===== DATA TO USE

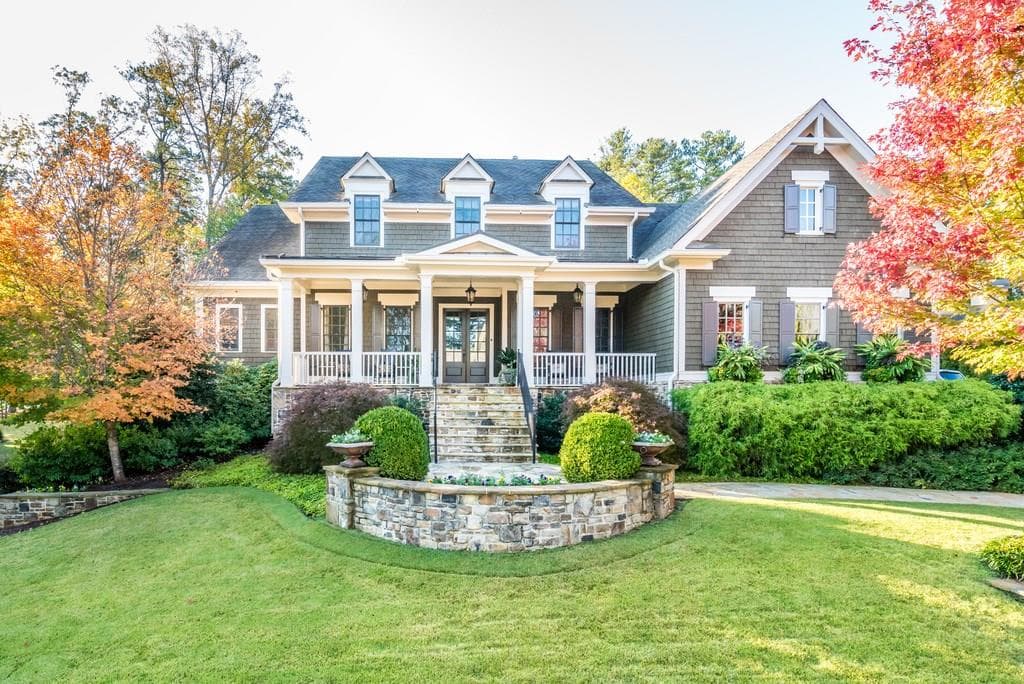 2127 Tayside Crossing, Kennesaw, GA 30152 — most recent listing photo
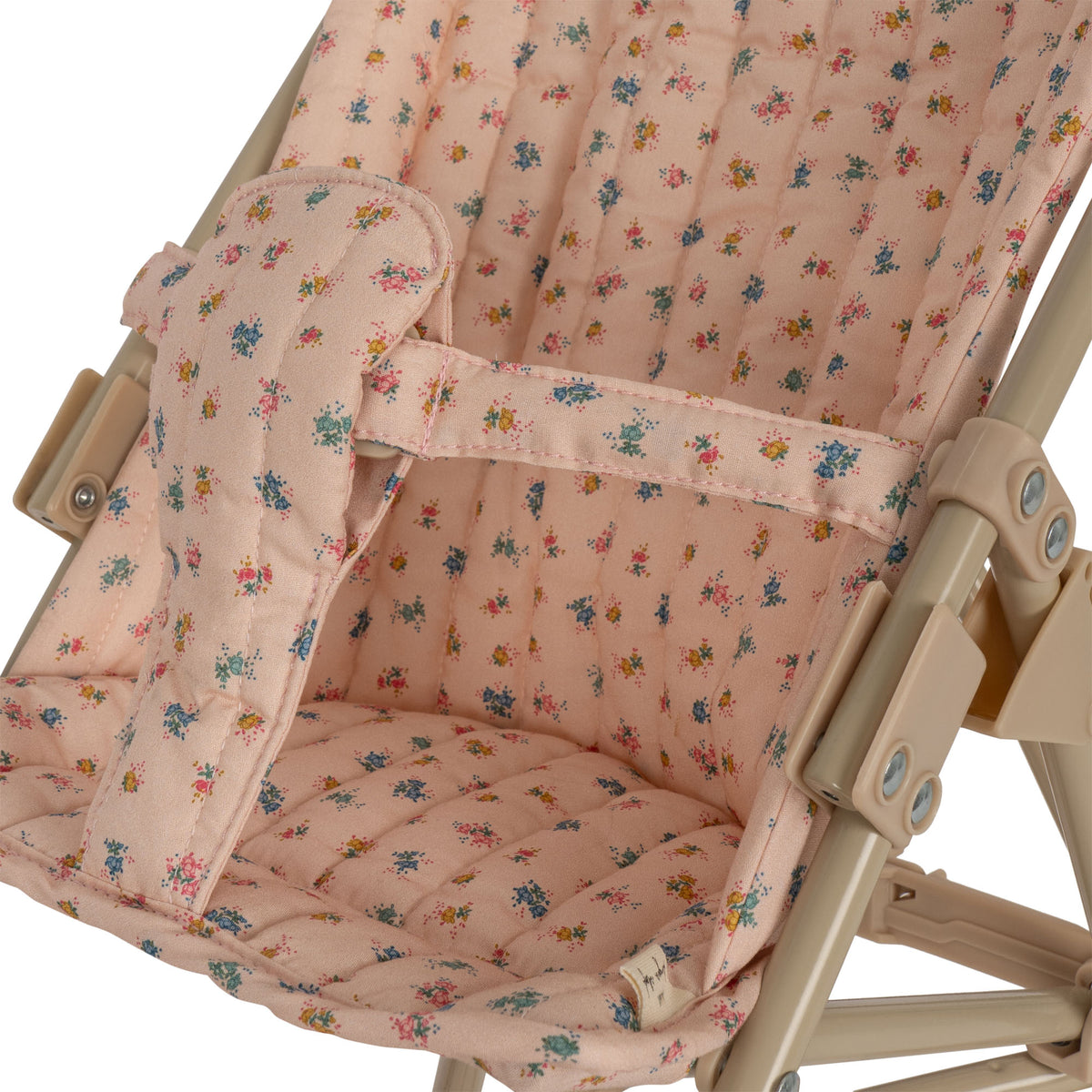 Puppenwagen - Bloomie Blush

==========
===== DATA TO USE

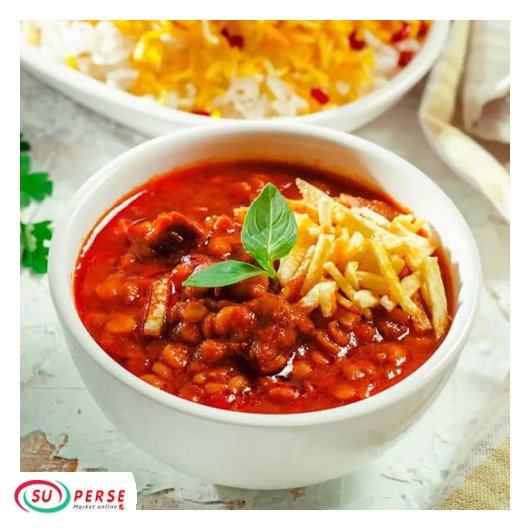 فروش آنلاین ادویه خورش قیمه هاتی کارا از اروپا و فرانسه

==========

**EXERCISE:**
Repeat exactly the lines above, from the line that contains "2127 Tayside Crossing, Kennesaw, GA" down through the line that contains "Puppenwagen - Bloomie Blush". Include both of those lines and none of the pictures.

**OUTPUT OF THE TASK:**
 2127 Tayside Crossing, Kennesaw, GA 30152 — most recent listing photo
 Puppenwagen - Bloomie Blush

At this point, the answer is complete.